So, the cars are ugly and uncool (I grant a matter of taste), aren’t selling in their target market (China) won’t sell meaningfully in their backup market (US) and they’re behind GM, Tesla and BYD in all regards on quality of life stuff.

Not a recipe for endurance.

thomas_witt18 days ago

Being a customer for years, I have to politely disagree.

Design is obviously a totally personal matter of taste, but as they have made many iconic shapes, apparently they're in the broad opinion not too bad at it.

The main difference is driving. I have driven many cars in my life, from very cheap to very expensive. For me personally, Porsche is in my opinion comparable to using a Mac - they're one of the few who "get it right":

- The entire workmanship is fantastic—nothing wobbles and nothing rattles. - Everything looks very harmonic, from interior to usability. Every button is where it has to be. Even the built-in entertainment system is highly usable (which in my opinion others like Mercedes never got right). - And, most importantly, despite being ICE or EV, the whole driving experience is just lightyears away from many competitors. Whether it's a 911 or a 718, they are just a joy to drive. Even a Cayenne just doesn't feel like a bulky SUV. There seems to be a lot of engineering going into all of that, weight distribution, chassis tuning, etc.

Apart from that - again, having owned many cars in my life - they're the most service-unintense cars ever. They just - work. You change the oil, sometimes the tires and that's it. I never had a single bigger problem with them.

Is there a lot of stuff which they didn't get? Agreed. Would it be nice to have better self-driving options? Without a doubt, but that's just a question of time.

But at least you have to give them that they, in strong contrast to many other German car manufacturers, didn't miss the trend and started to produce sexy EVs (hello Taycan) from very early on.

As long as I can, I will stay a loyal customer to them. If you have never driven a Porsche, get a test drive. I can only highly recommend it.

PS: And double points if you can do it on the German Autobahn.

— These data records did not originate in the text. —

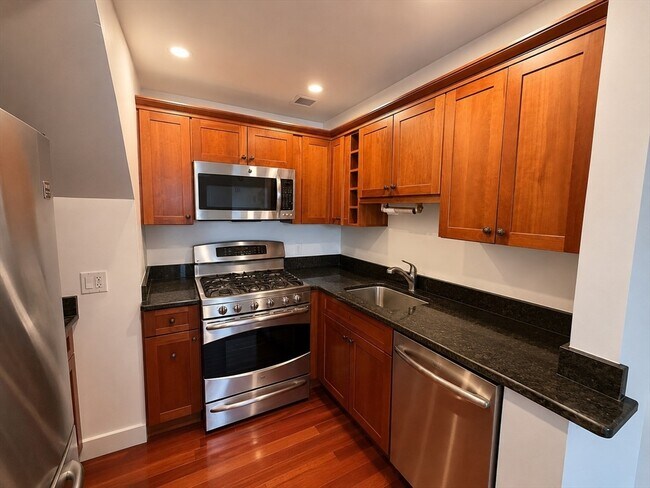 Building Photo - 42 8th St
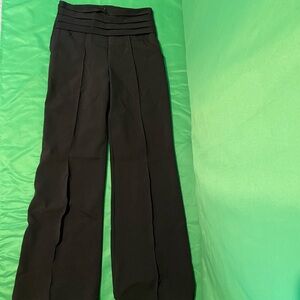 Hong Sung Bird House Dress Slacks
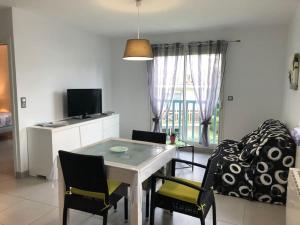 Appartements VERT ANIS- Appartement T2 lumineux, tres bien equipe, proche centre-ville : photos des chambres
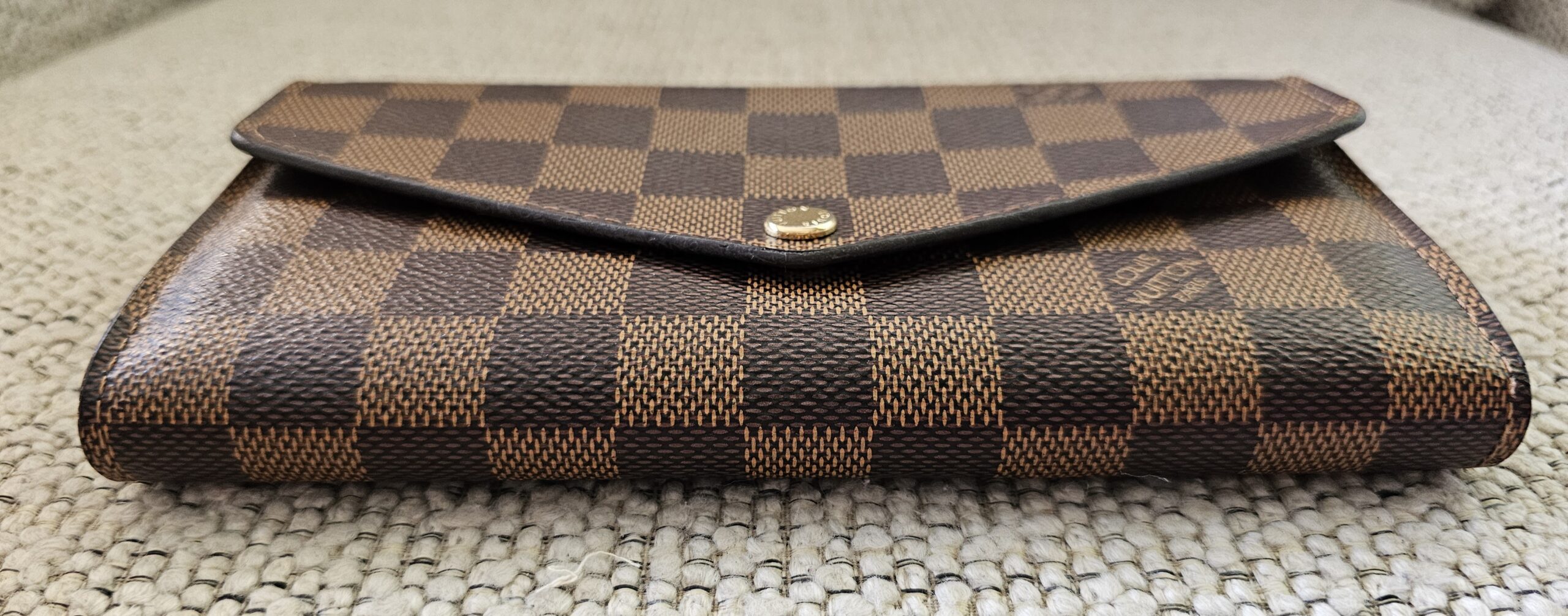 Sarah Damier Ebene Wallet - Image 6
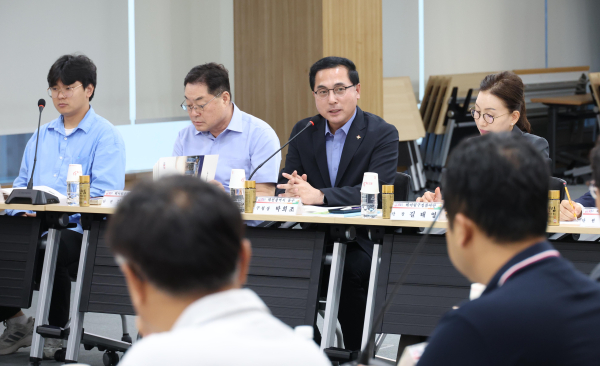 박희조 동구청장이 헤아림 구정참여단 회의에서 참석자들과 대화를 나누고 있다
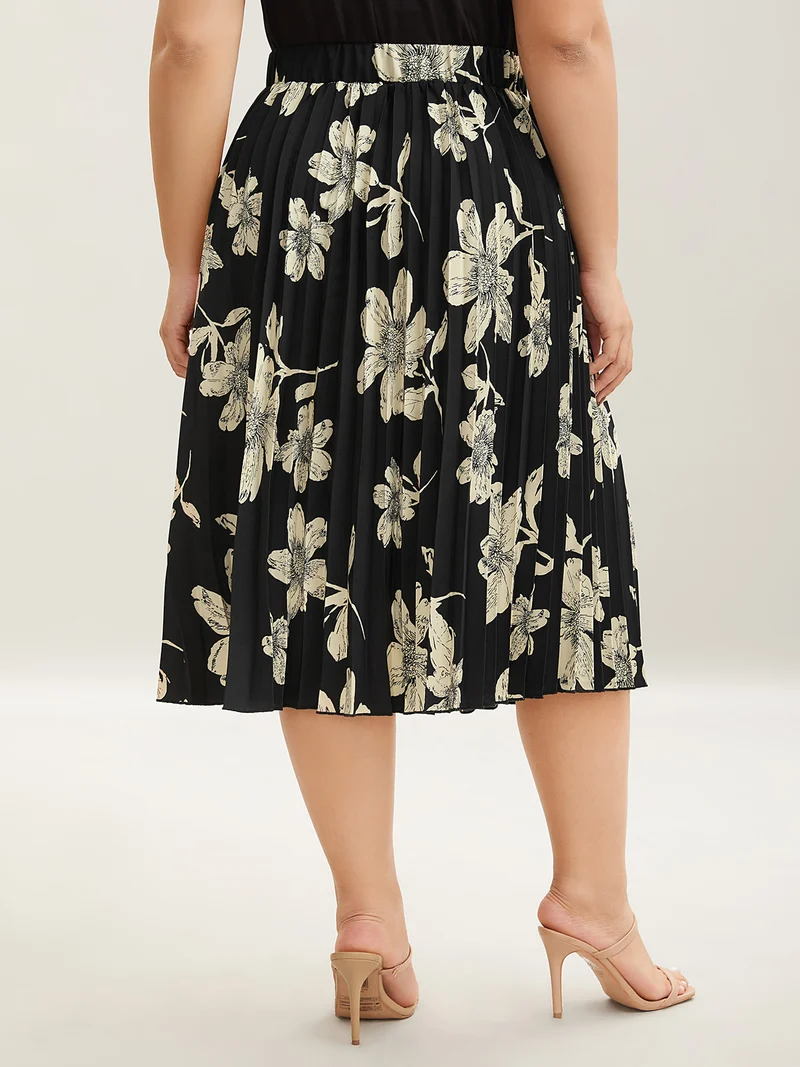 Large Flower Print Pleated Maxi Dress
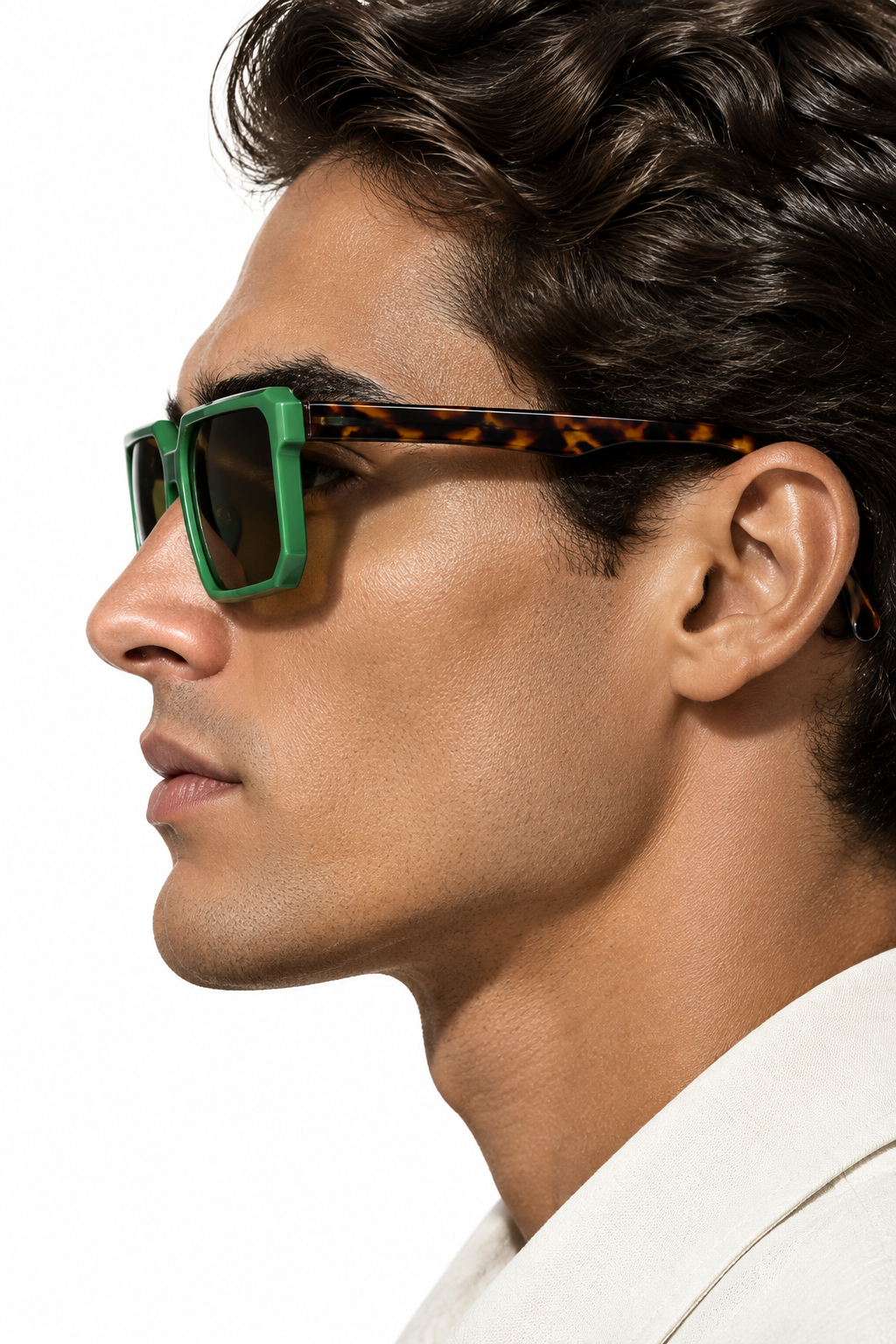 Gafas verdes perfil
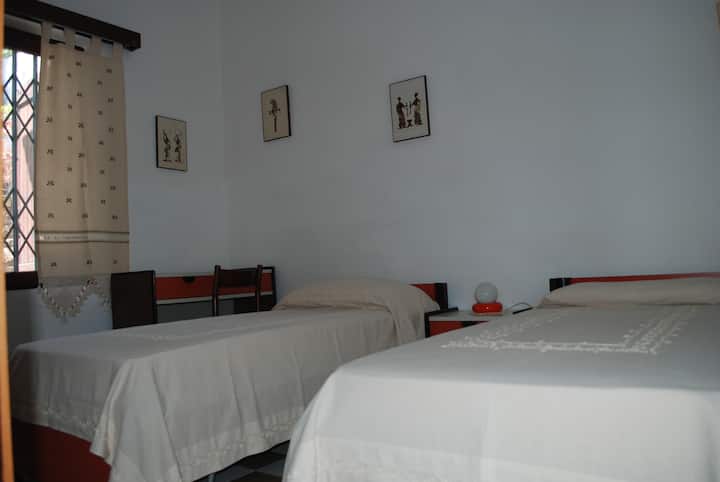 Habitación con dos camas individuales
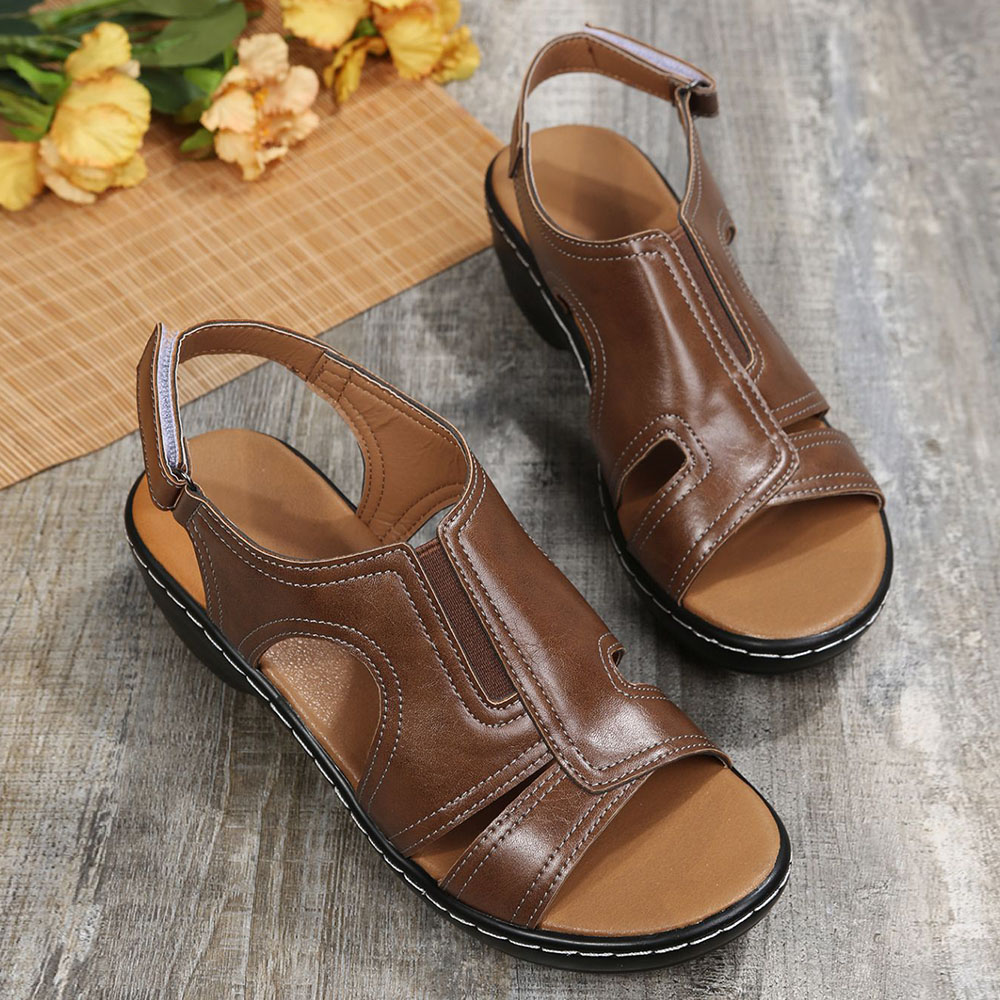 Sommer-Damensandalen mit dickem Absatz und Klettverschluss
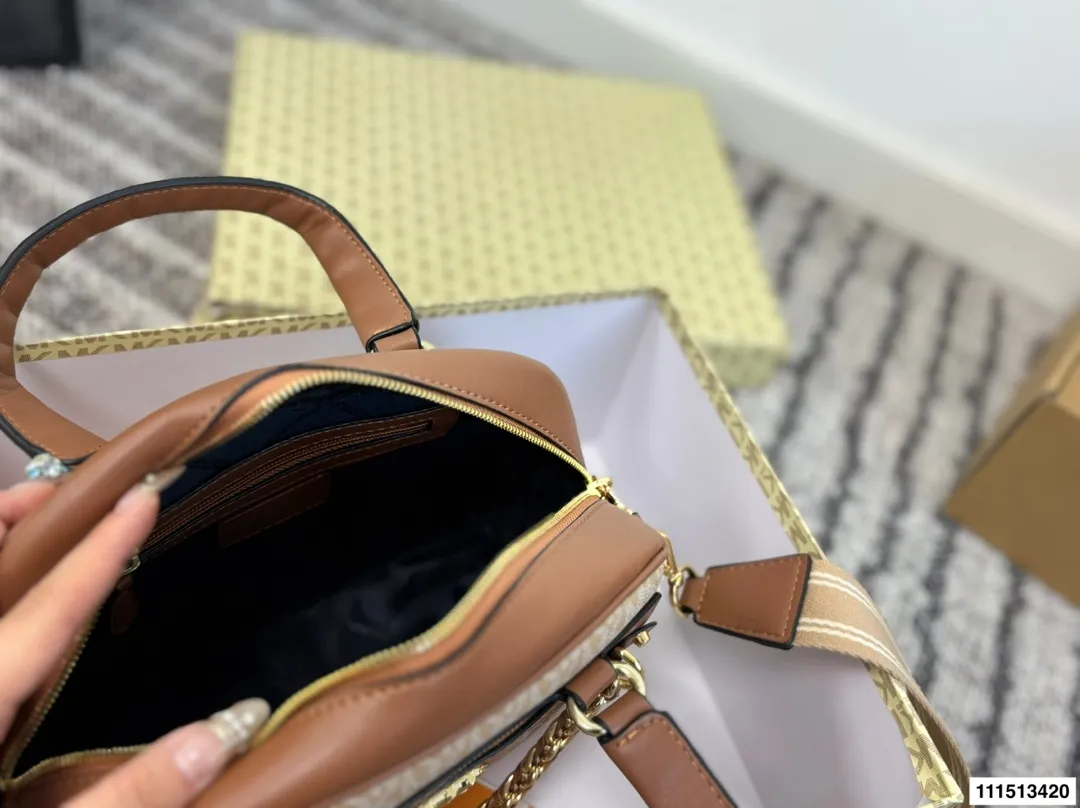 p160 配盒子 MK贝壳包 材质耐造耐磨 设计简约 包身轻便 日常造不心疼 上身酷！时髦！ 尺寸26 18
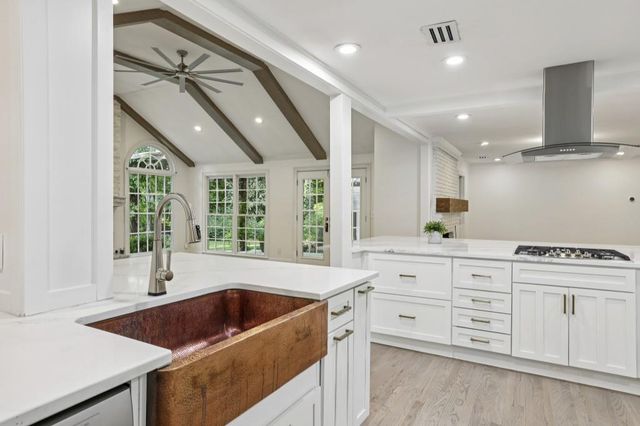 1905 Gainsborough Drive, Chamblee, GA 30341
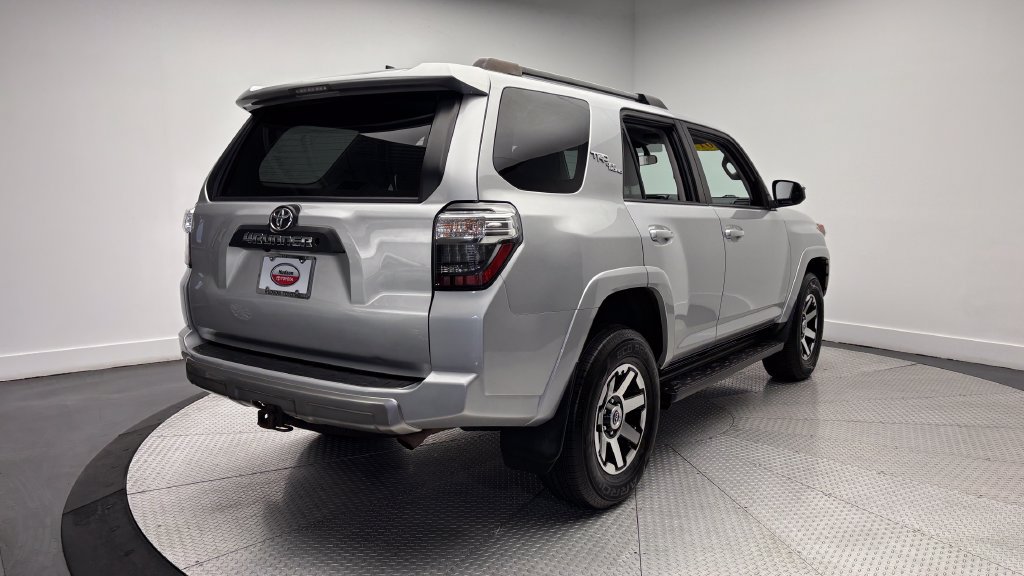 Used 2019 Toyota 4Runner TRD Off-Road AWD/4WD image 37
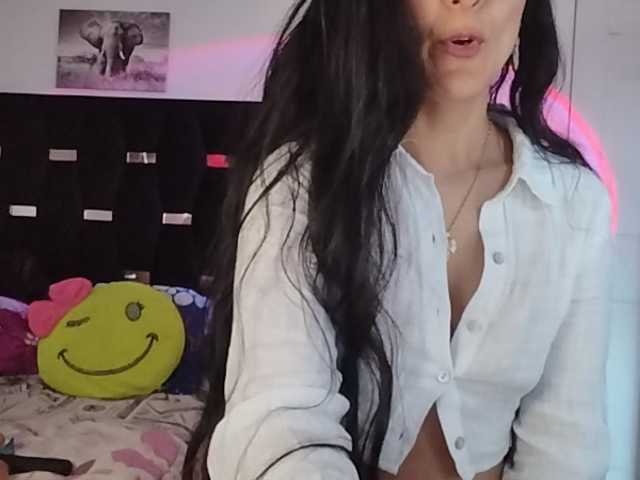 Basmajade888 live cam on BongaCams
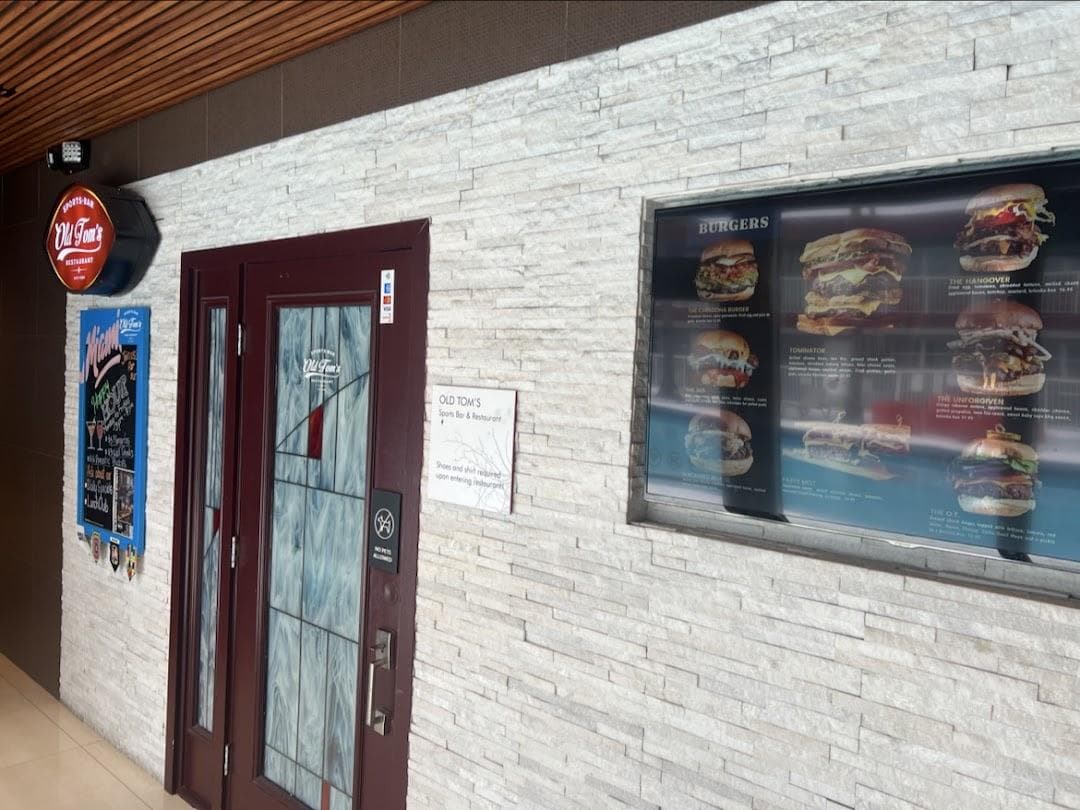 Old Tom's Sports Bar Miami Springs photo 3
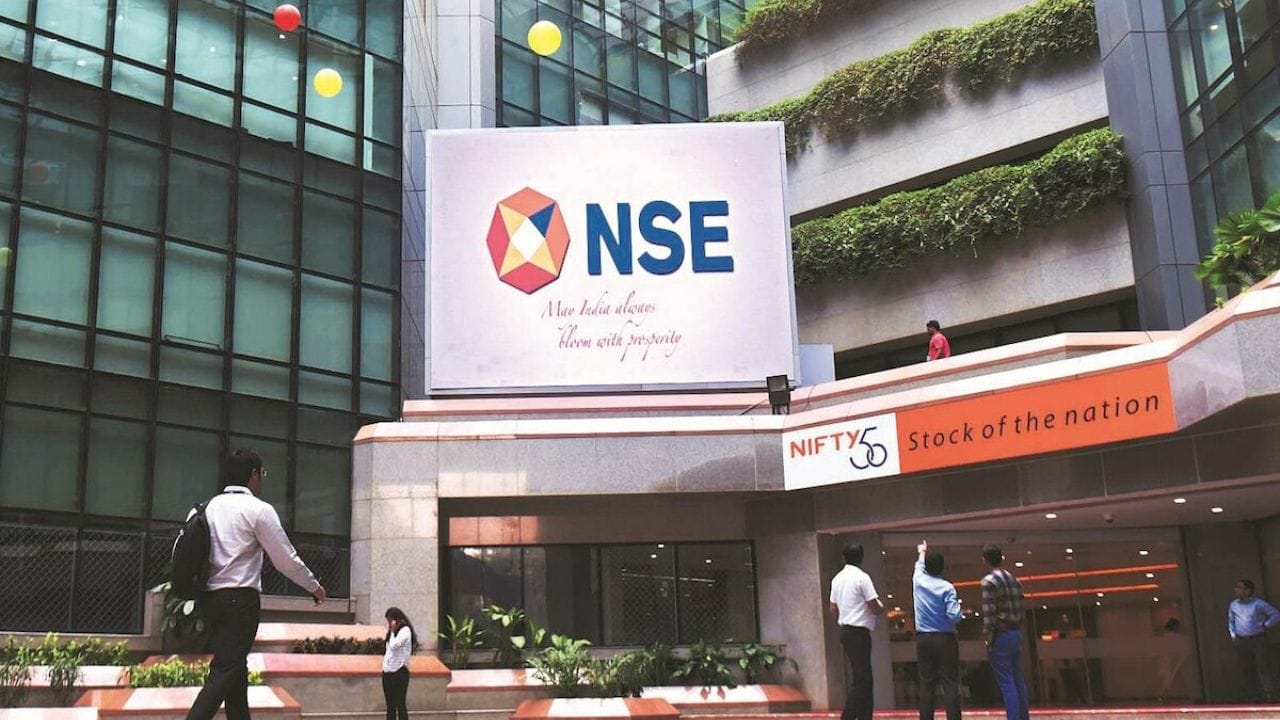 NSEમાં ટ્રેડર્સે લાઇવ માર્કેટમાં એડવાન્સ અને ડેકલાઇન ડેટા જોવાના હોય છે. એટલે કે કેટલા શેર ઉપર જશે તે જોવાનું હોય છે.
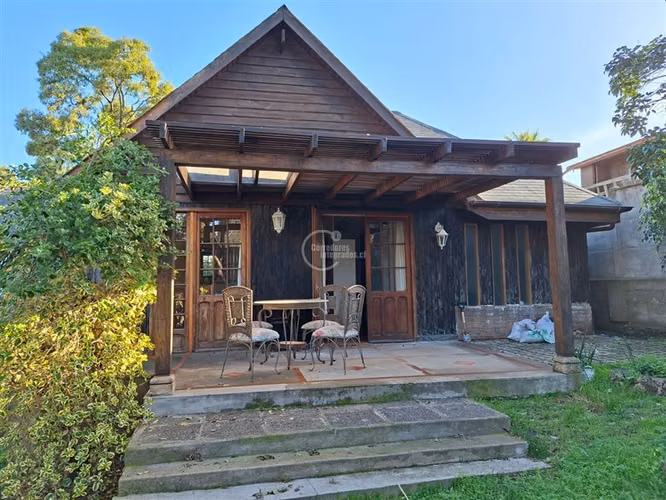 Casa en arriendo de 3 dorm. en Concón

Try driving 240+ km/h with any other large-volume-production car, you'll be sweaty. With a Porsche, it just feels joyful.

berm_18 days ago

>Try driving 240+ km/h with any other large-volume-production car, you'll be sweaty.

This is just very much not true, Audi, Mercedes,Toyota, BMW breeze through it, hell my friends audi S4 from 2004 regularly shoots 240+ over the autobahn, and we never break a sweat.

thomas_witt18 days ago

That is not my personal experience. I get very often those cars of those other major German brands at SIXT car rental, and of course this is my personal opinion:

- BMW is indeed very nice, I agree. I also once had a 6 series convertible which was - apart from the very low consumption (Diesel) - really nice to drive. Their cars are indeed a good alternative at a lower price point. - Audi is the utmost catastrophe. Apart from the abysmal navigation system, the car simply doesn't feel safe at higher speeds (had an A6, your mileage may vary with tuned S models). I didn't want to drive faster than 180km/h - Same goes for Mercedes (drove C, E and S Classes). The entertainment system is straight from the 90ies and the steering gets super wobbly at higher speeds. - Toyota - are you kidding me? Very reliable, good value, but nowhere near the driving capabilities of a BMW or Porsche.

Of course they are all nice cars and should do the job, especially in countries with speed limits - until 120 km/h that all doesn't matter. I'm just saying, if you really want (and can) go fast, most of those cars don't deliver in my opinion.

pjc5018 days ago

> Try driving 240+ km/h

This is an entertainingly German-centric answer.

thomas_witt18 days ago

My point is, just from my perspective (YMMV), the Porsche cars are pretty perfect. I have a hard time finding a car which behaves more precisely and reliably on the street, regardless of the speed, than a 911 or 718 - or a Taycan or Panamera.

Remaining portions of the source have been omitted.